━━━━━ Recorded data ━━━━━
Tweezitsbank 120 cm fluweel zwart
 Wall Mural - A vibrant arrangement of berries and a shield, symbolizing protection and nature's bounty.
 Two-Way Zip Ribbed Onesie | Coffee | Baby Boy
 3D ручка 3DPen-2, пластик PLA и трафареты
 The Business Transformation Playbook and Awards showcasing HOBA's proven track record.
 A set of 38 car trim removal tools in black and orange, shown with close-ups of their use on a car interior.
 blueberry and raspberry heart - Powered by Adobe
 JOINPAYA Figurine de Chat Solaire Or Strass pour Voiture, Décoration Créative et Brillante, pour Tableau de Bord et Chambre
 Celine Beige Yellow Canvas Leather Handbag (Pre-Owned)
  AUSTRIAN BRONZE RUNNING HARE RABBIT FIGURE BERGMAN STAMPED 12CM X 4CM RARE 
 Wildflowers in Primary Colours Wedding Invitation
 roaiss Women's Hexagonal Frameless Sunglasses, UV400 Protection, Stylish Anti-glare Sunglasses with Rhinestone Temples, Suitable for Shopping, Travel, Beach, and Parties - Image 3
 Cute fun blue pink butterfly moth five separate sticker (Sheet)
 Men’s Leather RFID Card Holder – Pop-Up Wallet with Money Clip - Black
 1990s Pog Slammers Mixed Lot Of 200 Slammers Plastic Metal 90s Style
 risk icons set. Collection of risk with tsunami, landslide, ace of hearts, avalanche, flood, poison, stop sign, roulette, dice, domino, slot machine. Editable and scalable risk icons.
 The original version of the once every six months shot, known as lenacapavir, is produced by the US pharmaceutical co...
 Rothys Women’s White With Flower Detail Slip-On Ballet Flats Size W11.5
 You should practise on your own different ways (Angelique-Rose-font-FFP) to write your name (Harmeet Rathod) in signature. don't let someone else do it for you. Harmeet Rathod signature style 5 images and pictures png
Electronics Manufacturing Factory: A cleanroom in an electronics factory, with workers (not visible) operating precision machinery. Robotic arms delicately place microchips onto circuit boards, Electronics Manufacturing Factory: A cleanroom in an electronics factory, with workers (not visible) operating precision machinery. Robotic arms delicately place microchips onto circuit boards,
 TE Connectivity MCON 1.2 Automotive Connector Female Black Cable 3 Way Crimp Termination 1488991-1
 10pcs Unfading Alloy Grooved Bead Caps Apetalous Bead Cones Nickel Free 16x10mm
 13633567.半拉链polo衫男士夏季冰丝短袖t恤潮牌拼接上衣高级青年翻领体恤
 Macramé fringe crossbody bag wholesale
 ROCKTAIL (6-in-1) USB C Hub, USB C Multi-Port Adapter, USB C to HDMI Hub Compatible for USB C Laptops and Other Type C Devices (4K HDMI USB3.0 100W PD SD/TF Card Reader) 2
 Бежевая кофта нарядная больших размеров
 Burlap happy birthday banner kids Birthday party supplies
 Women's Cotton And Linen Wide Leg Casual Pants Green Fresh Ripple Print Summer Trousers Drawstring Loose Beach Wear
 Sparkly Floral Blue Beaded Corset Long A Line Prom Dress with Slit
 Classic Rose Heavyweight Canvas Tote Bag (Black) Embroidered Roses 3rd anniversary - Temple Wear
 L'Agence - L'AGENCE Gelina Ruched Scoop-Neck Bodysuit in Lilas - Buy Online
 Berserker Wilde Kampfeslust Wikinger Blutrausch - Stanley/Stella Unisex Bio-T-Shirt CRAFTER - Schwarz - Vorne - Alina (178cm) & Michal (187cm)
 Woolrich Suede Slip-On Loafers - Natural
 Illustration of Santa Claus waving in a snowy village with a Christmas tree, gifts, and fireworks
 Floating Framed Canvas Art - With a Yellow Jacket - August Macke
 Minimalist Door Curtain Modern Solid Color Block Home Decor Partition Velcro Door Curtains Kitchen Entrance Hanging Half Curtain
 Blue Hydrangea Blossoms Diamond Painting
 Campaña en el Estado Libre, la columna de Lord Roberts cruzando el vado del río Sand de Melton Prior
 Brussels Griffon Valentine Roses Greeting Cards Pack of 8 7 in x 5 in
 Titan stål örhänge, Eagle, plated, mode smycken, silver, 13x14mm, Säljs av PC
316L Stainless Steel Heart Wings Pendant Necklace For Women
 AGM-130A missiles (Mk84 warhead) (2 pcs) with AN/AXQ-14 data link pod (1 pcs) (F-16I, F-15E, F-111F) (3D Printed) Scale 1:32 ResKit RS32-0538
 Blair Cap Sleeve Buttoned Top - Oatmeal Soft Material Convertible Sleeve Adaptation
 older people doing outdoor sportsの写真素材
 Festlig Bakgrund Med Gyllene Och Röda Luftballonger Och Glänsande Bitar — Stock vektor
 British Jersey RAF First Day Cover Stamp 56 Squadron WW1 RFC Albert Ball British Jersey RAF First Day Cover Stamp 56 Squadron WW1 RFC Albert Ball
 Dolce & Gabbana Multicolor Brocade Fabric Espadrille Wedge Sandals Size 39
━━━━━
*To do*.
From the records above, transcribe exactly the run of lines that opens with the line holding "Floating Framed Canvas" and closes with the line holding "316L Stainless Steel", both included.

*Output of the exercise*.
 Floating Framed Canvas Art - With a Yellow Jacket - August Macke
 Minimalist Door Curtain Modern Solid Color Block Home Decor Partition Velcro Door Curtains Kitchen Entrance Hanging Half Curtain
 Blue Hydrangea Blossoms Diamond Painting
 Campaña en el Estado Libre, la columna de Lord Roberts cruzando el vado del río Sand de Melton Prior
 Brussels Griffon Valentine Roses Greeting Cards Pack of 8 7 in x 5 in
 Titan stål örhänge, Eagle, plated, mode smycken, silver, 13x14mm, Säljs av PC
316L Stainless Steel Heart Wings Pendant Necklace For Women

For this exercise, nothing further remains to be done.